Quelle opposition peut-on faire entre intentions et
résultats En quoi ce qui est intentionnellement bon peut-il avoir le mal comme résultat ? Toute bonne intention ne
veut- elle pas le bien ? Est-ce une interrogation sur le bien-fondé des intentions dites " bonnes ", sur la nature
perverse de l'humanité, ou sur la fatalité ? Comment concevoir une idée de véracité par rapport à cette
interrogation ? Implique-t-elle que toute bonne intention provoque le mal ? Demande-t-elle une reconnaissance de la
perversité des bonnes intentions, contre un aveuglement moral, ou religieux ? Comment relativiser l'idée de " bonnes
" intentions ? Par exemple, quand les nazis ont décidé de mettre en place la solution finale, cette idée leur
apparaissait bonne, mais l'était-elle pour autant ? En quoi les termes de " bonne " et " intention " peuvent-ils être
néfastes ? L'intention, par sa subjectivité, demande-t-elle une remise en question de son jugement ? Références
utiles : Kant, Fondement de la métaphysique des moeurs ; Jankélévitch, Pureté de l'intention.

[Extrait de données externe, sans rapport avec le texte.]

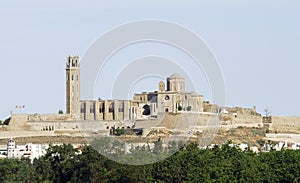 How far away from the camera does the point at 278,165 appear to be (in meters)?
58.3

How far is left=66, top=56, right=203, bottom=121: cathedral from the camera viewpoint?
91562mm

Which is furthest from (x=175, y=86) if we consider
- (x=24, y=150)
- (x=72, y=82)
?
(x=72, y=82)

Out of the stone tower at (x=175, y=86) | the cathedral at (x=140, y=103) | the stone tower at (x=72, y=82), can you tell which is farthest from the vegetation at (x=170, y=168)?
the stone tower at (x=72, y=82)

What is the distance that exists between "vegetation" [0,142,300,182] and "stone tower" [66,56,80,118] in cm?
3605

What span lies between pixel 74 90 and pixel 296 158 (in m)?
46.7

L'idée exprimée par ce proverbe est tout simplement qu'on peut mal se conduire et très mal se conduire (mériter
l'Enfer) en croyant cependant bien agir.
L'acte peut être mauvais alors que l'intention est bonne.
Cette opinion
semble paradoxale.
En effet toute la signification d'un acte n'est-elle pas dans son intention ? N'est-ce pas la bonne
intention qui fait l'acte moralement valable et la mauvaise intention qui rend l'acte répréhensible ?

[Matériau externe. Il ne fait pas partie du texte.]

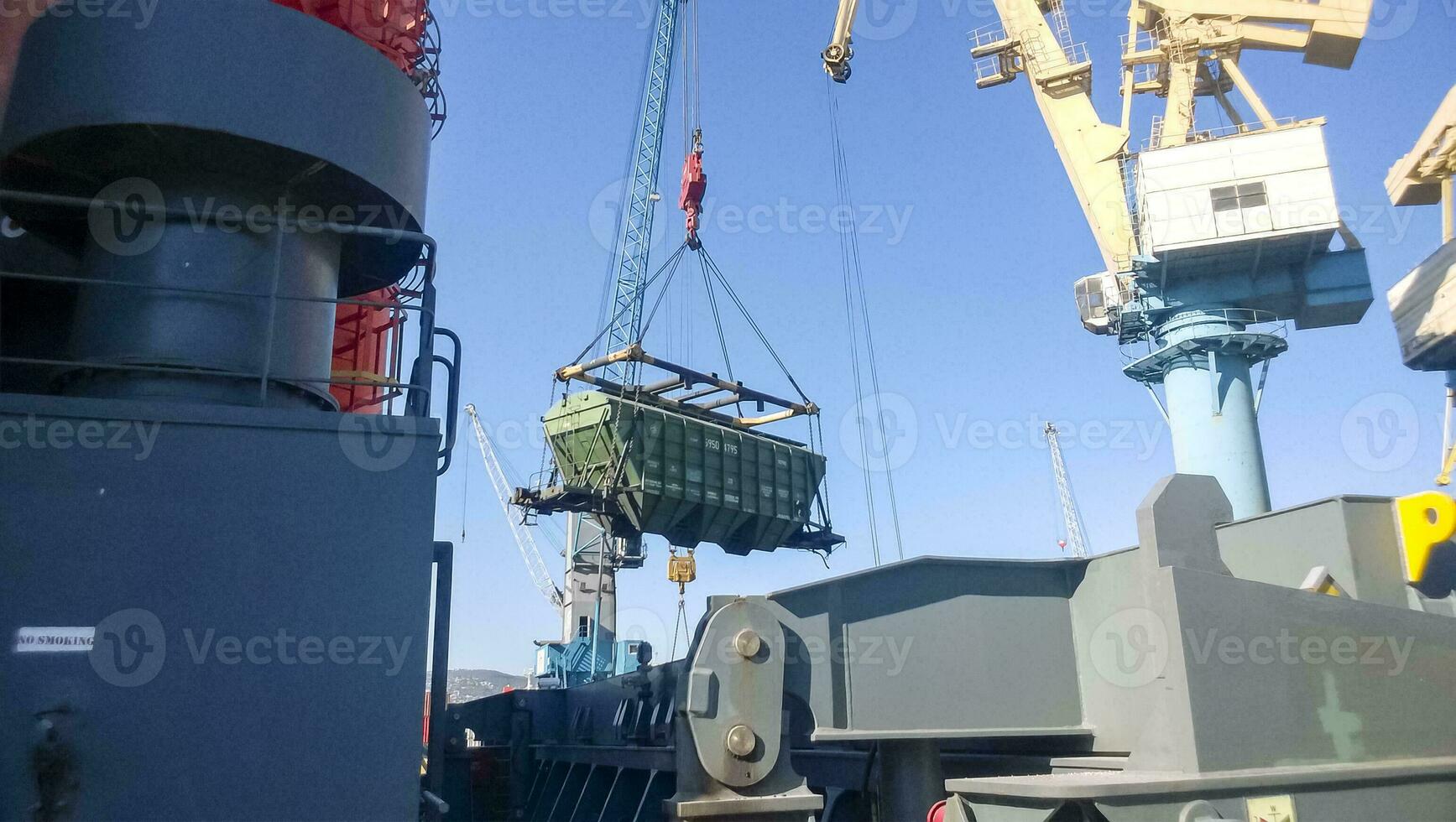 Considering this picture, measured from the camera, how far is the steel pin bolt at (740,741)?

A première vue, donc, nous sommes tentés de rejeter l'idée du proverbe et de ne juger les actes qu'à partir de leur
intention.
C'est le point de vue de la morale traditionnelle.

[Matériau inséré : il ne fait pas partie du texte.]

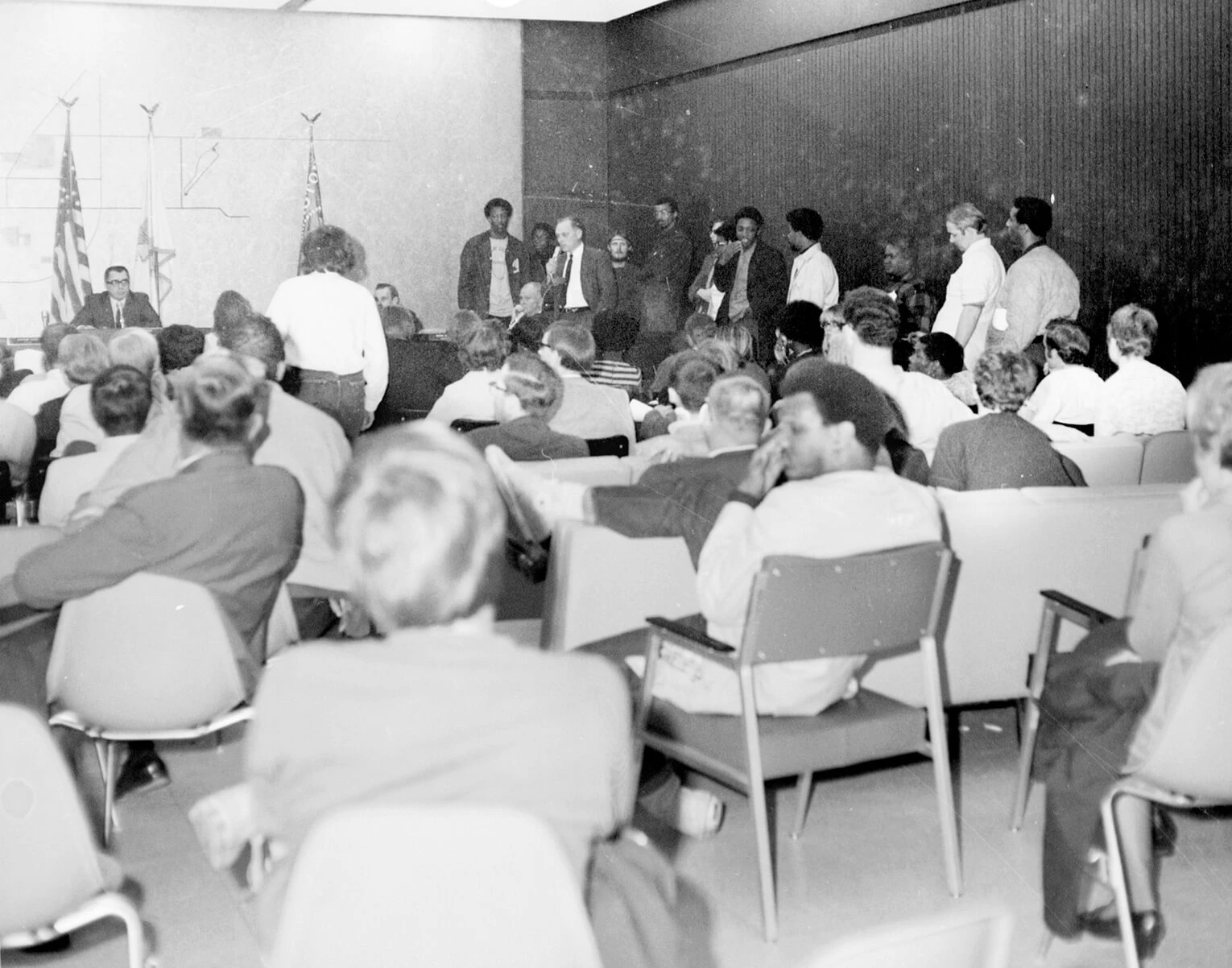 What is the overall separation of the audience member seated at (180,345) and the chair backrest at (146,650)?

Selon saint Thomas, celui qui obéit à une conscience
morale erronée n'est pas coupable.
Il est sincère, il croit agir pour le bien et cela suffit à le justifier.
Kant reprend ce
thème traditionnel de la scolastique avec une vigueur particulière.
Pour lui, ce qui fait la valeur de l'acte ce n'est
pas sa conformité tout extérieure à la loi morale, c'est sa « forme », c'est-à-dire l'intention qui préside à l'acte,
l'esprit dans lequel il est accompli.
Un acte peut être extérieurement et en quelque sorte accidentellement forme au
devoir tout en étant radicalement immoral.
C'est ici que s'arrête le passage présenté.